■ **Your objective**
Please say how many lines below include the word "Single", with nothing beyond the number.

[Short web captions]

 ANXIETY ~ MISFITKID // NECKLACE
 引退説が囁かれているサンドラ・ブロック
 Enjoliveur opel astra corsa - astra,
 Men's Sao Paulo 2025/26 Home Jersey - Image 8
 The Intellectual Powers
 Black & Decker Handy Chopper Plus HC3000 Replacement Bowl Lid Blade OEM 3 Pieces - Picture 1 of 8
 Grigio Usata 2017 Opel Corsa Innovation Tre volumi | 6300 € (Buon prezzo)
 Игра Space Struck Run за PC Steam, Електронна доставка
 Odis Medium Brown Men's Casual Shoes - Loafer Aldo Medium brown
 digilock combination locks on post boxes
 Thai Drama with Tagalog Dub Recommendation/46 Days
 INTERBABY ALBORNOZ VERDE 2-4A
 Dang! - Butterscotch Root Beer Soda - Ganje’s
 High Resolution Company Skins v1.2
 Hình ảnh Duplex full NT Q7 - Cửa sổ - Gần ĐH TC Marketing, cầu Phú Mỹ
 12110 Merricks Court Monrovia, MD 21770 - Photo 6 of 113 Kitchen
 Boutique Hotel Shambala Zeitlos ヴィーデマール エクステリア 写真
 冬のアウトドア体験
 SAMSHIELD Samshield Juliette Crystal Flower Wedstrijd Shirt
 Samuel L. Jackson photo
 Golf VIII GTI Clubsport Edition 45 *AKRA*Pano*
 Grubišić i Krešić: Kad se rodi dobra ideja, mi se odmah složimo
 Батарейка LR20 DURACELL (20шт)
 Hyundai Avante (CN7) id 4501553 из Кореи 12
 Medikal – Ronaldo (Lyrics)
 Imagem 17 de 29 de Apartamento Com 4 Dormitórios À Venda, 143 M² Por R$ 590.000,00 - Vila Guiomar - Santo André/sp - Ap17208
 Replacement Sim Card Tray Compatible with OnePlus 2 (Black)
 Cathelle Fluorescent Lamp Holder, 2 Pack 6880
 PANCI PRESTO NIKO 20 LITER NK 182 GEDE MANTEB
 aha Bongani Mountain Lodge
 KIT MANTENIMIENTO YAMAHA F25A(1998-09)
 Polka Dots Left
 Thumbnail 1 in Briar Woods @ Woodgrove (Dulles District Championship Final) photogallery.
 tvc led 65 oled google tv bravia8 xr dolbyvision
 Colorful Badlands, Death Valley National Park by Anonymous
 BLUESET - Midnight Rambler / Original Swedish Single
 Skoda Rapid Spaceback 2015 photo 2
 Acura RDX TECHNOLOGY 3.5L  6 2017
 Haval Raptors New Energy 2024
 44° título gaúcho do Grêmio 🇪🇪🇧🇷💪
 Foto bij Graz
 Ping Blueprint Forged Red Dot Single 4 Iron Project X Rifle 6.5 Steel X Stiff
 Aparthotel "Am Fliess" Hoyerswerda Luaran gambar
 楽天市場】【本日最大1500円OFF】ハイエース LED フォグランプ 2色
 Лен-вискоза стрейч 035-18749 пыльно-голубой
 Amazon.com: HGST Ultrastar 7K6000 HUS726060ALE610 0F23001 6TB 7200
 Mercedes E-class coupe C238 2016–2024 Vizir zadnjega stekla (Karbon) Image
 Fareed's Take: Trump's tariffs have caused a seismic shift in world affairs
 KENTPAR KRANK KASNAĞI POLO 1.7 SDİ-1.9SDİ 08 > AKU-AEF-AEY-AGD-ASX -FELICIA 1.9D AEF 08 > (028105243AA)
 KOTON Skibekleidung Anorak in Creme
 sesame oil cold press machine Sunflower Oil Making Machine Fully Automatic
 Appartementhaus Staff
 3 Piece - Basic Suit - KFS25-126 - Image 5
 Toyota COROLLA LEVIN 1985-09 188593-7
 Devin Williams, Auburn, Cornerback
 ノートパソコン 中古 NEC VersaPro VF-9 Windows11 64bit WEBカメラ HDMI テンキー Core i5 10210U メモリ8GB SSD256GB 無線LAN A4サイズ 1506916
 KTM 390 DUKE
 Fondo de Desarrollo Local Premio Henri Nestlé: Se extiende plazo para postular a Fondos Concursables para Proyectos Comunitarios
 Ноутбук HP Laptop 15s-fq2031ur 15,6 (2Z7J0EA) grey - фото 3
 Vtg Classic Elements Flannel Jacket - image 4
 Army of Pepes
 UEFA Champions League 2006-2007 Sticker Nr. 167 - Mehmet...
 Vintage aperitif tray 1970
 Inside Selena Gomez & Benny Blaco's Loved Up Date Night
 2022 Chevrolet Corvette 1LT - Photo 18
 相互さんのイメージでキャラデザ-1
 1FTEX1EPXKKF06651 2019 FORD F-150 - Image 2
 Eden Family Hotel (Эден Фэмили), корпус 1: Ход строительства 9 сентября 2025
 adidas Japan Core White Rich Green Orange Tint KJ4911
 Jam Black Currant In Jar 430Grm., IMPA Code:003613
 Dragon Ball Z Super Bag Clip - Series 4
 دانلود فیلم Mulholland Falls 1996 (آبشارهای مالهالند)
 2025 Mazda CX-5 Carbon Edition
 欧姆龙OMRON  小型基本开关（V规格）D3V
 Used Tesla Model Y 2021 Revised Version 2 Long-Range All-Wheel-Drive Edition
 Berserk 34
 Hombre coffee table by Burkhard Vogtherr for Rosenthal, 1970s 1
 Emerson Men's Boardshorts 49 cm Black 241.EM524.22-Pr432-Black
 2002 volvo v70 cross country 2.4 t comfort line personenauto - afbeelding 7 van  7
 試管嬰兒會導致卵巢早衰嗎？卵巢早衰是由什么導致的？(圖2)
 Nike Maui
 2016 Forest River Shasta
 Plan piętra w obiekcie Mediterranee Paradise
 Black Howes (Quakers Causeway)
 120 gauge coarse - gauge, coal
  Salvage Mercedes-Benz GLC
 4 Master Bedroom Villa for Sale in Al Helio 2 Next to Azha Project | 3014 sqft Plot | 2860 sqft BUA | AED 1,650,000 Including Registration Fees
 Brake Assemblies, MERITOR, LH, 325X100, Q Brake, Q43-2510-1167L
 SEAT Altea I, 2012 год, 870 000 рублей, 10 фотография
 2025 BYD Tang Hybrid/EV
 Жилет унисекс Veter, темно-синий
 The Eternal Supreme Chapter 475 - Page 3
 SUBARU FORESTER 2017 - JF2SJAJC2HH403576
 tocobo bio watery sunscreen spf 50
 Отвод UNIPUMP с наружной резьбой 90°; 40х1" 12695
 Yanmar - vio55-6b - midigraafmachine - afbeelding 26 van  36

■ **Your solution**
2